● What is needed
Would you transcribe each entry precisely as it stands, setting aside any images?

Entries taken from a collection
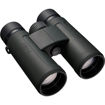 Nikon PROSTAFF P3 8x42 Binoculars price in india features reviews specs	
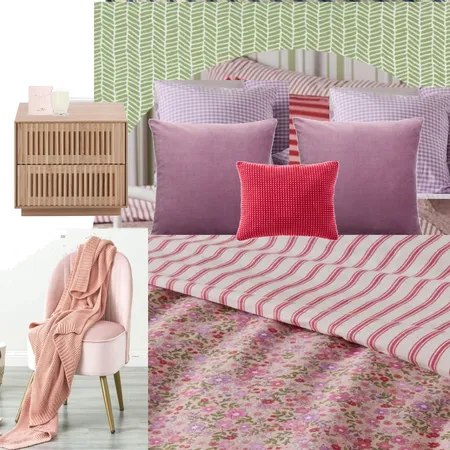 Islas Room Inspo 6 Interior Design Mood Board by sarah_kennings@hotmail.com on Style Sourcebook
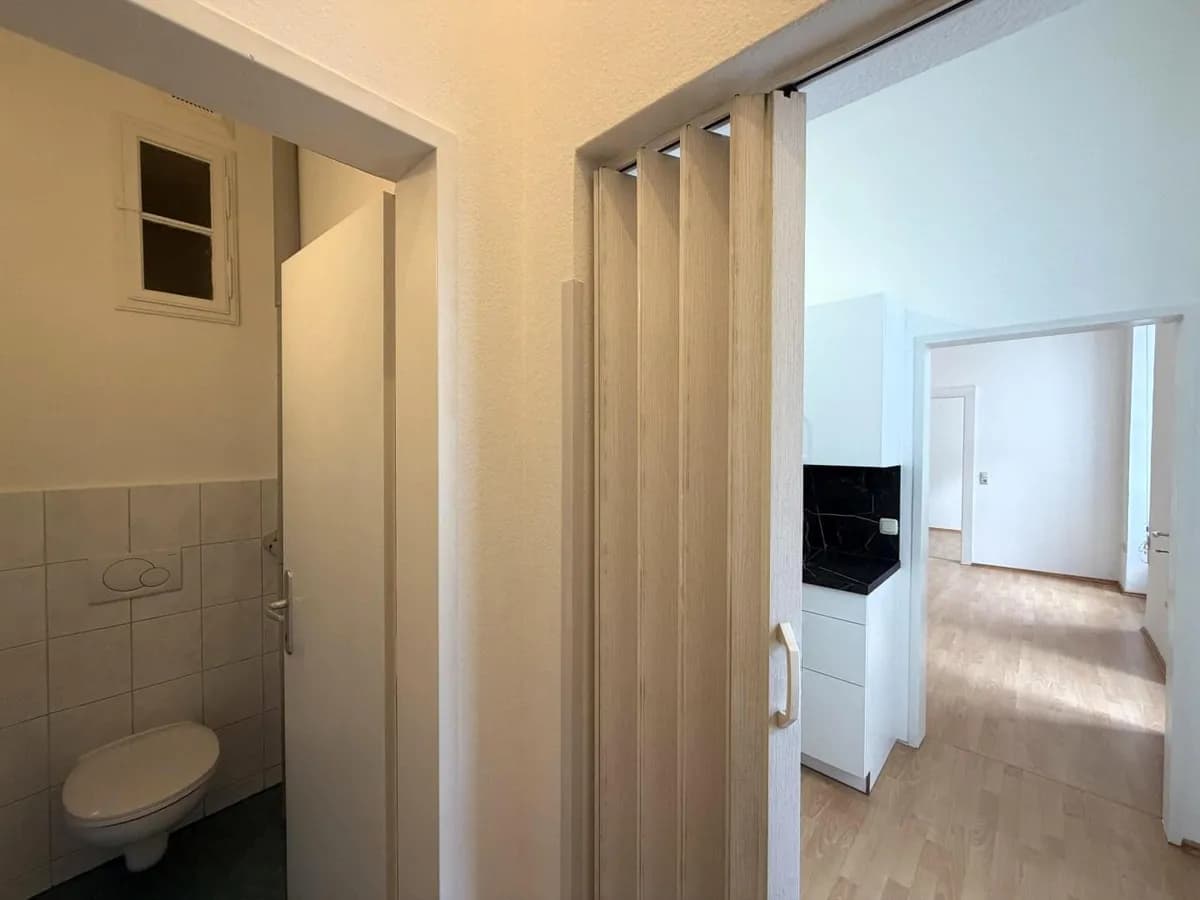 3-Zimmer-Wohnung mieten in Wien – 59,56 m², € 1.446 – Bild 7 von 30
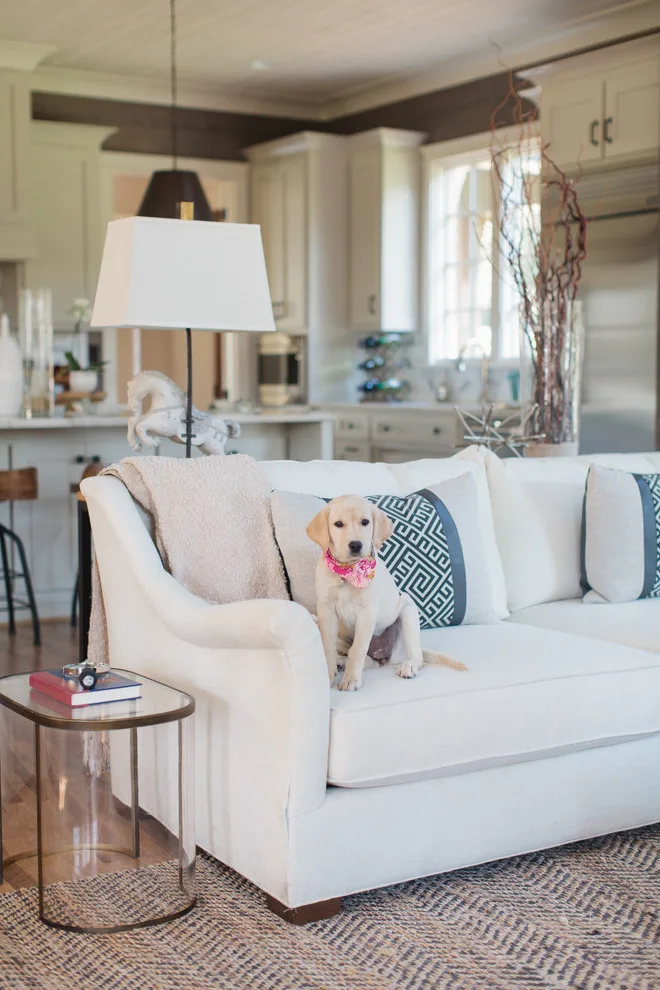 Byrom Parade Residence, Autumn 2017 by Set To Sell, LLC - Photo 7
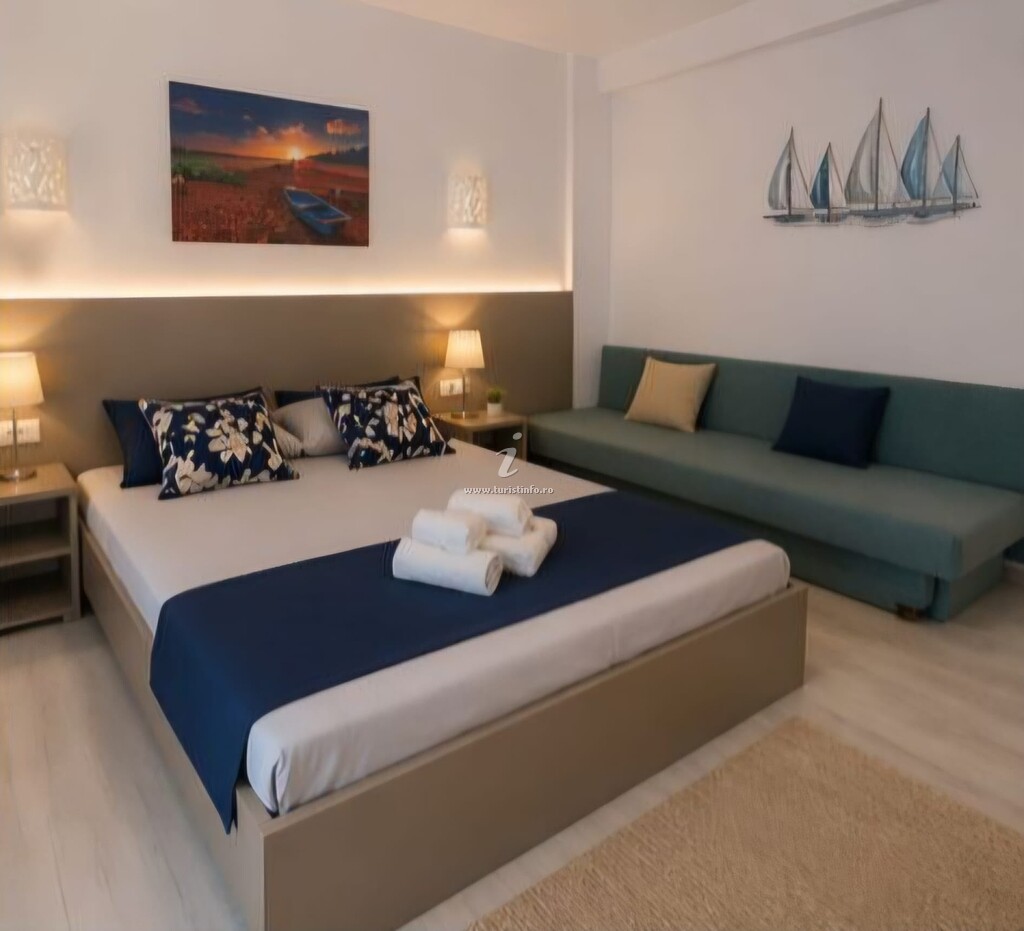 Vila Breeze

● Reply
 Nikon PROSTAFF P3 8x42 Binoculars price in india features reviews specs	
 Islas Room Inspo 6 Interior Design Mood Board by sarah_kennings@hotmail.com on Style Sourcebook
 3-Zimmer-Wohnung mieten in Wien – 59,56 m², € 1.446 – Bild 7 von 30
 Byrom Parade Residence, Autumn 2017 by Set To Sell, LLC - Photo 7
 Vila Breeze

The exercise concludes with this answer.